# Soap Gemstones



## ourwolfden (Nov 15, 2013)

Hello.  Has anyone ever made soap gemstones? I have found these:
http://www.wholesalesuppliesplus.com/RecipeDetail.aspx?RecipeID=39
http://www.soapqueen.com/bath-and-body-tutorials/melt-and-pour-soap/gorgeous-geode-soap-tutorial/

But part of me thinks it must be a lot more complicated.  Has anyone tried this?  Have pictures to show? Or helpful hints?  I would like to make something like this for my Papaw’s Christmas present (he was a rock hound back in the day).


----------



## lsg (Nov 15, 2013)

No, but I think the soap gem stones from this tutorial are more realistic.  I bought the mold, but haven't tried the gem stones yet.
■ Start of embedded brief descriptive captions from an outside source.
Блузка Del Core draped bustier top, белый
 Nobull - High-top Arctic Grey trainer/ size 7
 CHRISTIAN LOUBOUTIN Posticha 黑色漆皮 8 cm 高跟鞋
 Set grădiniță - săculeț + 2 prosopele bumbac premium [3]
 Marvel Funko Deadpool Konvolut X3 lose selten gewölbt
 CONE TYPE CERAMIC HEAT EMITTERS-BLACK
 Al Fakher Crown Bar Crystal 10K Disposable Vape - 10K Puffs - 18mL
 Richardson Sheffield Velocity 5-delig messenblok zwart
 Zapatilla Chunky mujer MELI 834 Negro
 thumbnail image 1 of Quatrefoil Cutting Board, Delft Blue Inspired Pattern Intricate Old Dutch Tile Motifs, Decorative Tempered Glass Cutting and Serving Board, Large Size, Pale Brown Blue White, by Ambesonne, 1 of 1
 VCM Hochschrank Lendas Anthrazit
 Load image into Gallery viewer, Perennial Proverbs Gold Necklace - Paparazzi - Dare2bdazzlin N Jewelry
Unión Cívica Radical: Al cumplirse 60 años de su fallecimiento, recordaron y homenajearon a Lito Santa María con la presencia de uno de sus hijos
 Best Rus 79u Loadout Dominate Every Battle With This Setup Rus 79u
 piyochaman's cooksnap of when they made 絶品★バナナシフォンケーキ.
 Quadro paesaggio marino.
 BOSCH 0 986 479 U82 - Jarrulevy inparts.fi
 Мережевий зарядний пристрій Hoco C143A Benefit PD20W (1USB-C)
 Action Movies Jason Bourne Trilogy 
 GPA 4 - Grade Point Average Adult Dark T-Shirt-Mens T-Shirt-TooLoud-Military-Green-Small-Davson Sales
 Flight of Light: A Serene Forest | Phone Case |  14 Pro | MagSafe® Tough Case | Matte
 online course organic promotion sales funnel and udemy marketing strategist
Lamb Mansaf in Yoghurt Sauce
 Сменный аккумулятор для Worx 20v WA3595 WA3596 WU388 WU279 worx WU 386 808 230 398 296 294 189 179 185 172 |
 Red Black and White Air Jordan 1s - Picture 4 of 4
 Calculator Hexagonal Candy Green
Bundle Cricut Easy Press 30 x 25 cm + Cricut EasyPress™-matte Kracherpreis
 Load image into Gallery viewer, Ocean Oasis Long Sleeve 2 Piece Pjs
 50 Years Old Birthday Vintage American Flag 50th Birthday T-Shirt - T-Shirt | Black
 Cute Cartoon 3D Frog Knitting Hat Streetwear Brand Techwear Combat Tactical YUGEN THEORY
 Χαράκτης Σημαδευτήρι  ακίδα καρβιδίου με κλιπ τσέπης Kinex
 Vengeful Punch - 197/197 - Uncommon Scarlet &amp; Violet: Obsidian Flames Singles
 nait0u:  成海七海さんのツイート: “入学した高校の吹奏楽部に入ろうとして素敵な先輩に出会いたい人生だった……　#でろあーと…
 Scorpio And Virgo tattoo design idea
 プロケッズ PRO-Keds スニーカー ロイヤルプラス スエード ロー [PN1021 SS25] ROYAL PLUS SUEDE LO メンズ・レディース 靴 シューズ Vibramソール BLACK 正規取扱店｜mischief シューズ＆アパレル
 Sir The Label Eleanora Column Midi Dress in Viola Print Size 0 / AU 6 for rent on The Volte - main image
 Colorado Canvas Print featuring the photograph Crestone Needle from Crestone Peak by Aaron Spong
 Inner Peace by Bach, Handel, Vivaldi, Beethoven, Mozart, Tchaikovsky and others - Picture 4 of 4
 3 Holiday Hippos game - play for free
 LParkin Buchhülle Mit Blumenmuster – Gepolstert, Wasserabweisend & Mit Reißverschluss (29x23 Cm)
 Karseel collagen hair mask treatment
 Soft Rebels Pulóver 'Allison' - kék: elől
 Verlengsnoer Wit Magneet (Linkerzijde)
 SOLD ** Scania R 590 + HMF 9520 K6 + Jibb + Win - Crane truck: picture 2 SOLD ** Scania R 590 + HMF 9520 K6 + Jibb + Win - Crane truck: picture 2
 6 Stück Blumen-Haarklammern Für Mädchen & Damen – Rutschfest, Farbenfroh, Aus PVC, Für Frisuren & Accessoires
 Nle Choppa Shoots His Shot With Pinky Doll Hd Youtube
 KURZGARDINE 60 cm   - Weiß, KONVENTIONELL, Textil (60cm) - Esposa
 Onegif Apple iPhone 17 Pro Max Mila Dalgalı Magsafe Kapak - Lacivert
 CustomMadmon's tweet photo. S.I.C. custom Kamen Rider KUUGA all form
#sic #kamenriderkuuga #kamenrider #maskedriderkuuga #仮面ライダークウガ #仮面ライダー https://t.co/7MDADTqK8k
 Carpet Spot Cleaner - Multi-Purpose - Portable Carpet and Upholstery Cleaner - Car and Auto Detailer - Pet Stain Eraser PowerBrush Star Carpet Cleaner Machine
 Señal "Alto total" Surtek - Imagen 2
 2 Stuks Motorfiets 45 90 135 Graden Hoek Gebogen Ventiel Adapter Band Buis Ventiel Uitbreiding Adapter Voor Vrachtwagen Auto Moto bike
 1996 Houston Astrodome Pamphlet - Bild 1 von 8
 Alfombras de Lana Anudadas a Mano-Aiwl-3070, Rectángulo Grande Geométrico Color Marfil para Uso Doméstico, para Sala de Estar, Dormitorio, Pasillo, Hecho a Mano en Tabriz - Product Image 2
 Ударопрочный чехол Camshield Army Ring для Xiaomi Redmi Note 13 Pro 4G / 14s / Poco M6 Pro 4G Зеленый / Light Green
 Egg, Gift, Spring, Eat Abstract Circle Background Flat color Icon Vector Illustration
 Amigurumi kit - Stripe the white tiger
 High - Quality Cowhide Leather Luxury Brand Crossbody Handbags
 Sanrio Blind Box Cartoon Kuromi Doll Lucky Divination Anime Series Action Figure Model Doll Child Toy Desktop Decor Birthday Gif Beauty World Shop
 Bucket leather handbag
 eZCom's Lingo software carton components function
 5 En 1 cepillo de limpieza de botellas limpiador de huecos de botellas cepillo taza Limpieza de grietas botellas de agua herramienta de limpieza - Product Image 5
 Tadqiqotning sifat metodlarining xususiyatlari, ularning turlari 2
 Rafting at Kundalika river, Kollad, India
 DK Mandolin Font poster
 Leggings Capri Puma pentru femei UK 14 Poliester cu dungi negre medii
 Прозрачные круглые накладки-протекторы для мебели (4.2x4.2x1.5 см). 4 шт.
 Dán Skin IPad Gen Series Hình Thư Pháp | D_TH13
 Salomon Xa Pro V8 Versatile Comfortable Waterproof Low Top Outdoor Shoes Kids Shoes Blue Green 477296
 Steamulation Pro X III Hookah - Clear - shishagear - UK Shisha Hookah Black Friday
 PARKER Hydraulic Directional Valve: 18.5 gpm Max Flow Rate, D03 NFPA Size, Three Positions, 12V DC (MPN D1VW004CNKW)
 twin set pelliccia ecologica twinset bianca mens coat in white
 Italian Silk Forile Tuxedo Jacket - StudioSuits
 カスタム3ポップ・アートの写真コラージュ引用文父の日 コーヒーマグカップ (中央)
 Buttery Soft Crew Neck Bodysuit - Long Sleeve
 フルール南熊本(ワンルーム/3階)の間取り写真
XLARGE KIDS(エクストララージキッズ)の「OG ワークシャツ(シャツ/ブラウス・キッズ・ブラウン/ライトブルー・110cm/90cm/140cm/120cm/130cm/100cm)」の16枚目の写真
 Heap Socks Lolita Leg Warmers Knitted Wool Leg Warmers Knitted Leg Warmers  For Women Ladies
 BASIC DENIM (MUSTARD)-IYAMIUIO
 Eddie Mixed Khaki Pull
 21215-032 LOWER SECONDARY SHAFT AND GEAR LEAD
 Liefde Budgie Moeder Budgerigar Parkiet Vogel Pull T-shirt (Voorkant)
[ame]http://www.youtube.com/watch?v=Kmq__YmV81Q[/ame]


----------



## Sea Beauty Soap (Nov 15, 2013)

Never made them but they look cool.


----------



## ourwolfden (Nov 15, 2013)

lsg- That is awesome!  I love those... I think I need to find those molds!


----------



## ourwolfden (Nov 15, 2013)

Okay lsg, can you point me in the right spot to look?  The company I thought that sold it doesn't have it, it is a smaller mold then this one.   Thanks.


----------



## lsg (Nov 16, 2013)

Here is the link she gave on YouTube:

http://www.scottcrewcandlesupply.co...&p_id=SO069&xm=on&ppinc=detail&hdr=mscottcrew


----------



## ourwolfden (Nov 16, 2013)

Thanks!  Don't know how I didn't see that!!!!!!!!!


----------



## adkaromatherapy (Nov 18, 2013)

I specialize in doing gem/ mineral inspired soaps.  Honestly it just takes a bit of practice, play and patience.  I prefer cutting mine by hand but there are lots of cool looking molds to be had as well.
I made a tutorial a couple years ago on a layered crystal soap you can find here:  http://adkaromatherapy.blogspot.com/2011/07/terra-crystal-tutorial.html

Best of luck in your endeavors!


----------



## ourwolfden (Nov 18, 2013)

adkaromatherapy said:


> I specialize in doing gem/ mineral inspired soaps. Honestly it just takes a bit of practice, play and patience. I prefer cutting mine by hand but there are lots of cool looking molds to be had as well.
> I made a tutorial a couple years ago on a layered crystal soap you can find here: http://adkaromatherapy.blogspot.com/2011/07/terra-crystal-tutorial.html
> 
> Best of luck in your endeavors!


 

That is awesome, thank you so much!


----------



## paillo (Nov 19, 2013)

That is a fabulous tutorial, your sharing it is very much appreciated! And gorgeous soaps!


----------